The text is divided into five main sections: the personal stories of ‘Dancing in Odessa’, a re-envisioning of the life of Osip Mandelstam as Orpheus in ‘Musica Humana’, the love poems of ‘Natalia’, exploration of further literary influences in ‘The Travelling Musicians’, and the final ‘Praise’. Strong spiritual currents run throughout and the initial poem, ‘Author’s Prayer’, frames the collection as ‘a kind of petition’ to God – the poet vowing to ‘speak for the dead’ of his homeland, writing ‘the same poem over and over’ lest a blank page be taken as ‘the white flag of their surrender’. So devoted is Kaminsky to this petition that he resolves to praise ‘even the darkest days’ in his supplication: ‘Lord, / I will praise your madness’.

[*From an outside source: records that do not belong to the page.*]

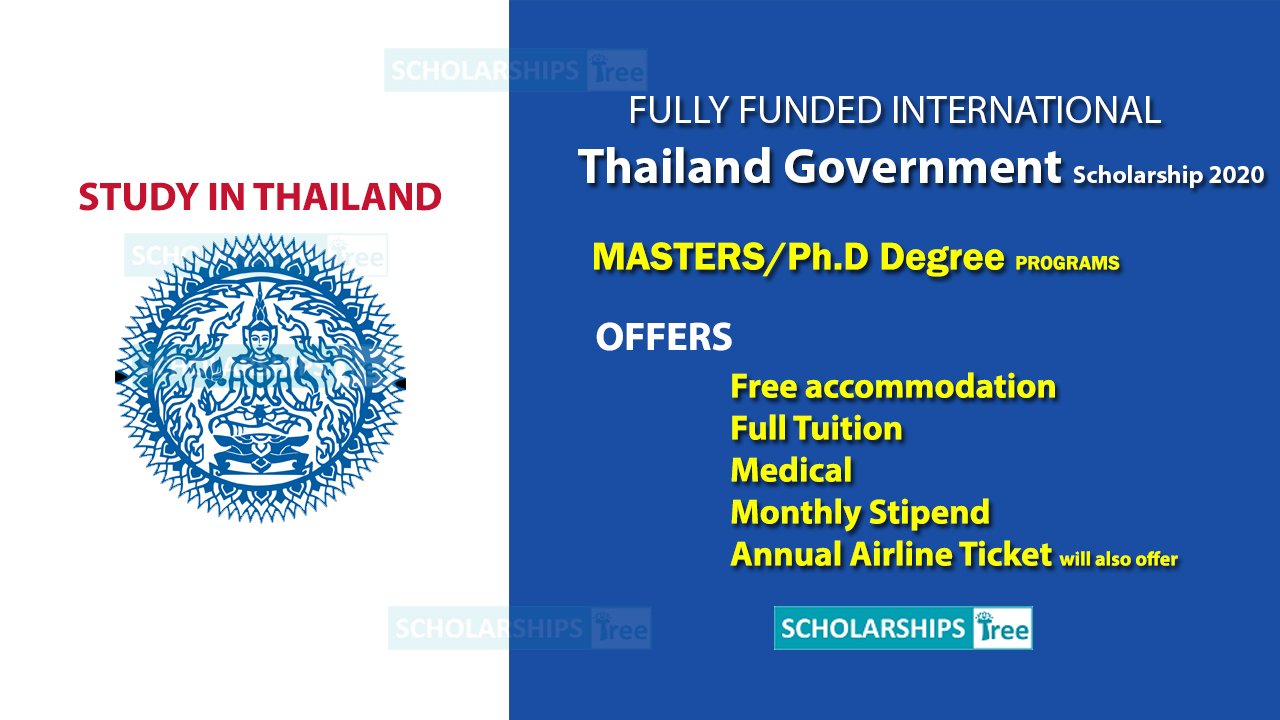 Thailand International Postgraduate Program - Thailand Government Scholarship 2020 - Fully Funded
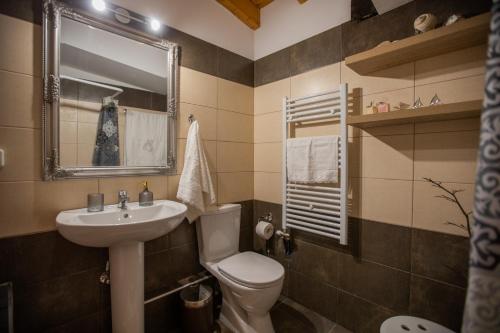 a bathroom with a sink and a toilet and a mirror at Chrysianna seaview apartment in Argostoli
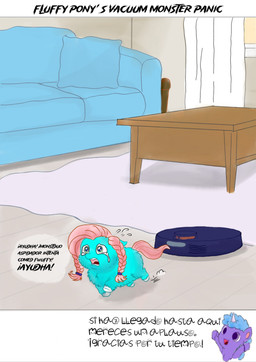 1_horn blue_body blue_fur blue_hair bodily_fluids braided_hair cleaning_tool crying curtains female feral fur furniture hair hooves horn inside open_mouth pink_hair purple_body purple_eyes purple_fur running running_away scared sofa table tears teeth text vacuum_cleaner white_hooves young young_female young_feral sorrystickpro fluffy_pony roomba fluffy_pony_(species) mammal hi_res spanish_text translated
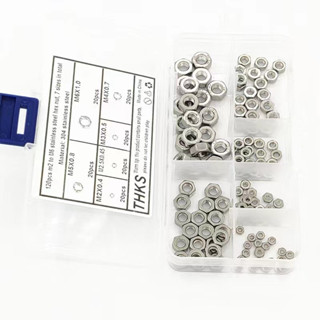 120PCS Hex Nut ประเภท M2-M6 304 สแตนเลส M2/M2.5/M3/M4/M5/M6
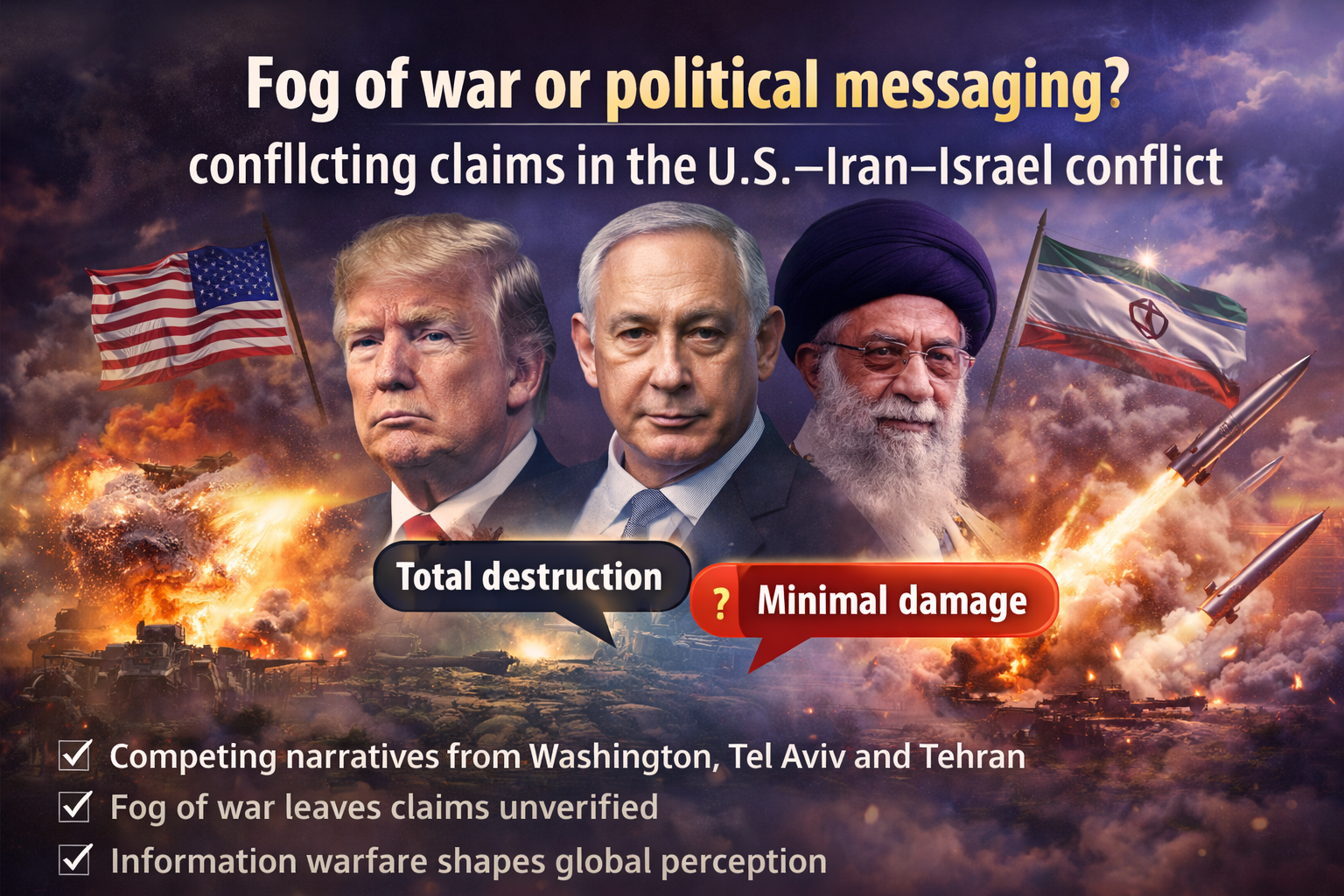 Fog of war or political messaging? conflicting claims around the U.S.–Iran–Israel conflict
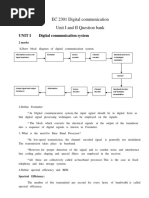 EC 2301 Digital Communication Unit I and II Question Bank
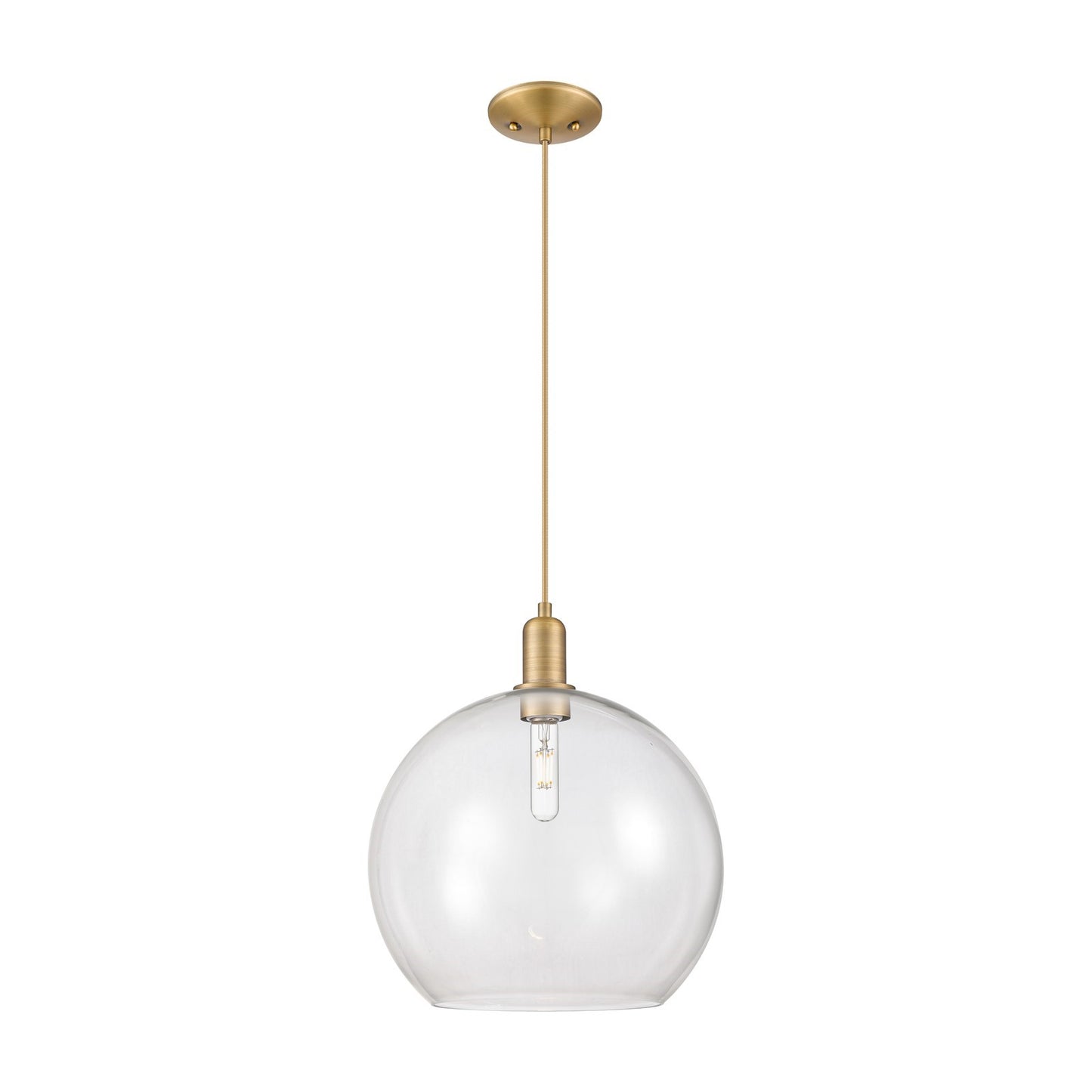 Innovations Athens 14in 1-Light Mini Pendant | Industrial Brushed Brass Steel and Clear Glass | Kitchen Island & Dining Room | Model 716-1P-BB-G122-14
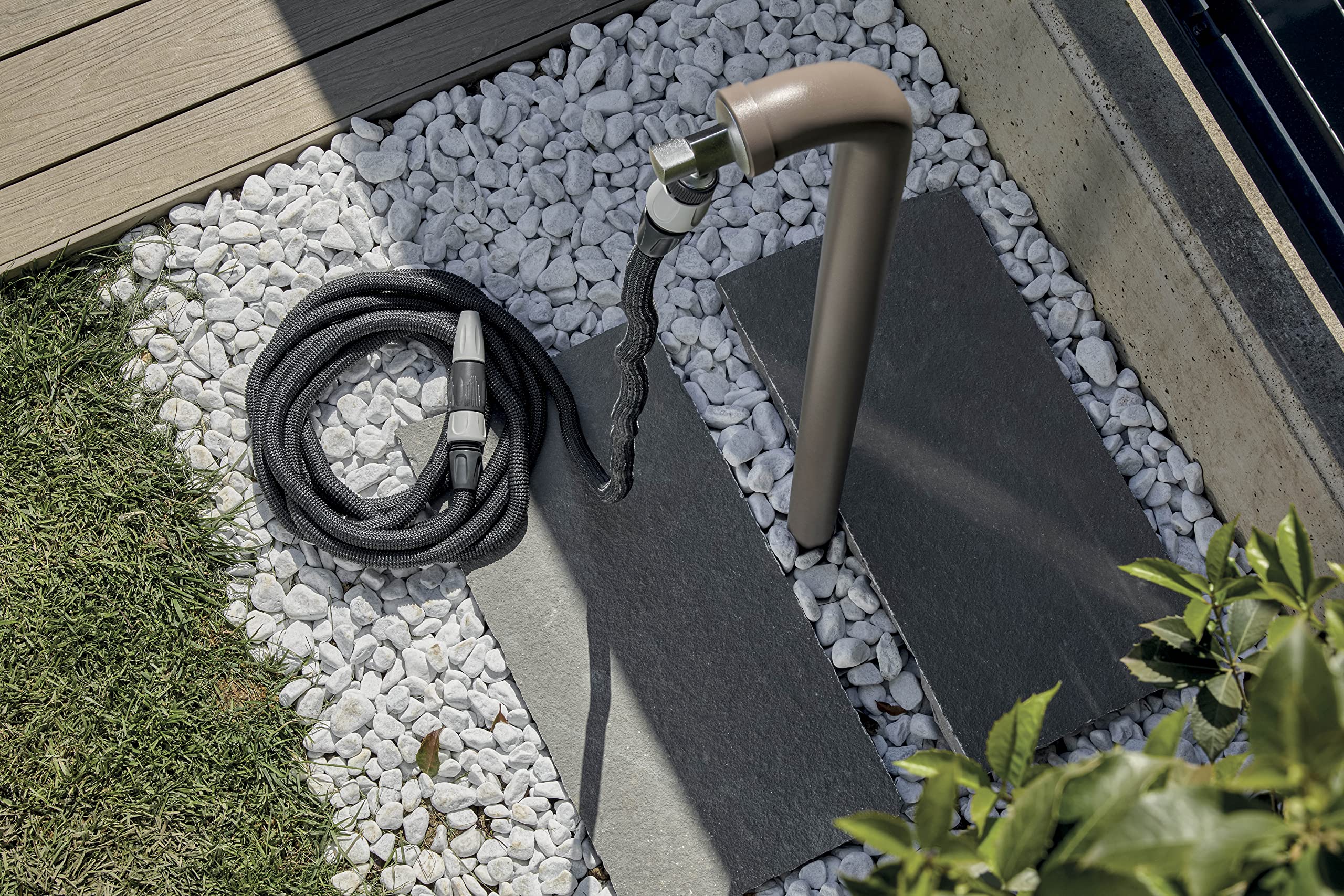 G.F. SRL, Aquapop Grey Easy 30, 30 Meter selbstverlängernder Gewebeschlauch, Made IN Italy, mit Mini-Gartenspritze und Anschlüsse zur Bewässerung von Gärten, dunkelgrau
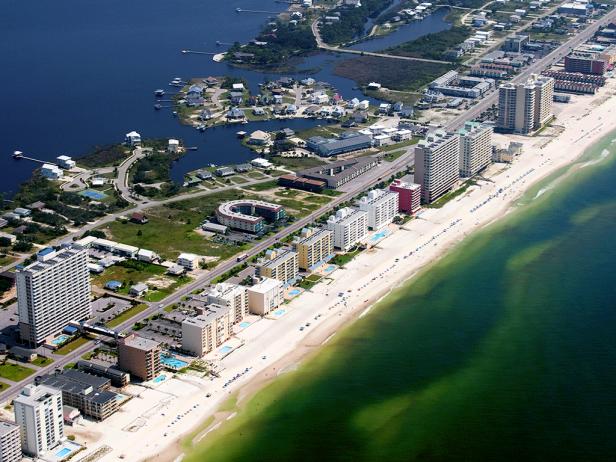 aerial view of the alabama gulf coast with hotels and beach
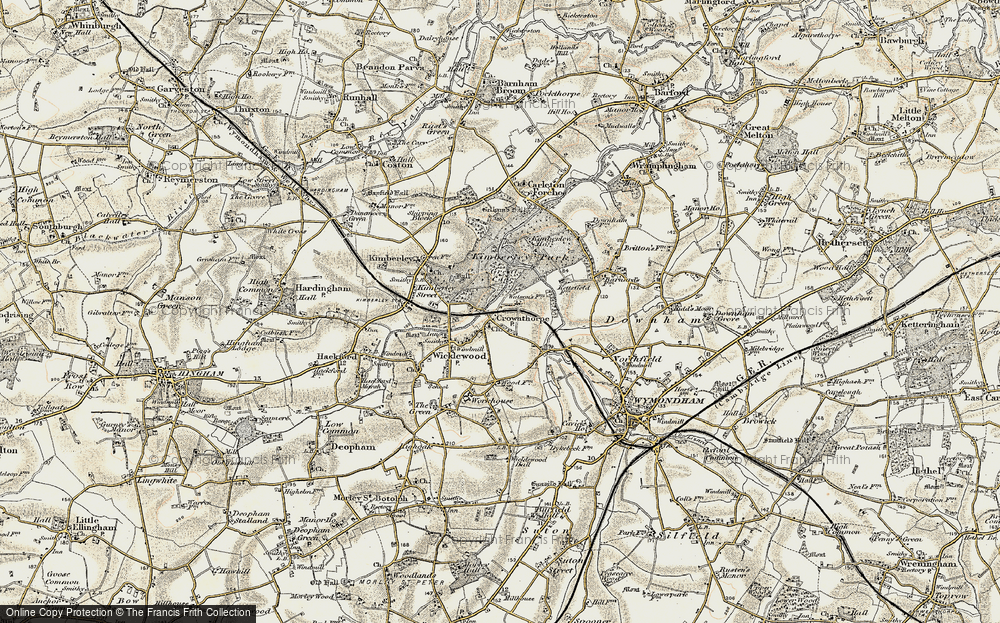 Old Map of Crownthorpe, 1901-1902 in 1901-1902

And there is much madness to speak of – a school is bombed, his grandfather is shot, a girl is ‘gassed in her prayer’. In response, we find suggestion that psychological survival through these dark days might partly be achieved and have been achieved through the wild distractions and defiance of imagination, the soul’s music and dance, and laughter. In ‘Aunt Rose’, laughter is ‘each day’s own little artillery’ and the poet describes how his grandmother would pull ‘imagination like a blanket’ over his head for comfort. In these two examples, we find defiance and distraction. However, music, dance, and laughter might also be seen as ways to celebrate life – to praise, if you will. This reveals a potential duality: the text seems to hold praise, or defiance, or both.

Moreover, further duplexity is found in vocabulary of contrasts, in contradictions, and in stories wherein dance accompanies moments of violence. Kaminsky’s mother ‘moves so fast – she is motionless’ and we meet an American tourist ‘whose forgetting is a plot against forgetting’. We see his Aunt Rose, ‘her soul walking on two feet, the soul or no soul’ and learn that in ‘a soldier’s uniform, in wooden shoes, she danced / at either end of day’.

Indeed, the centre of this collection is enduring dance, as it seems to be for Kaminsky in a broader sense: ‘At the centre of my life: my mother dances’. This aura of ‘dance’ emerges not only from repetition of the word itself, from frequent images of dancing, and from the poet’s choice of song forms related to dances, but it is also felt through linguistic circling, woven through every element of the text. Some titles are repeated, for example, ‘Dancing in Odessa’ is not only the title of the book, it entitles a section within the book, and appears twice as poem titles. Further repetitions and parallelism abound, creating a sensation of whirling – of seeing the same or similar images, fleetingly, again and again as one turns: ‘the evening is asleep inside her shoulder – her shoulder // rounded by sleep’, and ‘yes, we lived. / We lived, yes’. We read that Kaminsky’s mother ‘becomes a stranger and acts herself, opens / what is shut, shuts what is open’ and that he writes his ‘friends / into earth, into earth, into earth.

These syntactic and metrical structures not only give the feeling that one is spinning, they also emphasise the text’s wider rhythmic momentum, enhancing its sense of music and enlivenment. The speed with which we shift from image to image, and between observation or memory and imagination, is dizzying. It feels very much as though one has been swept up into the twists of a war, into a spiritual dance of praise, or both.

In essence, this book offers a visceral and graceful rendering of the complexities of war and faith, and there is far more grace to be discovered than could been covered here. What begins with the poet’s vow to petition the Lord, concludes with his being able to see past ‘the obscurer thoughts of God’, to see past the ‘madness’, and to retain his own faith. But the text also serves another important purpose – as Kaminsky has explained: ‘The formal elegies are on one side, a bow. But on the opposite side these people are alive, in my imagination, where they still are’. Through this collection, these people and their voices are able to live on, their dance is seen, and a powerful petition has been made.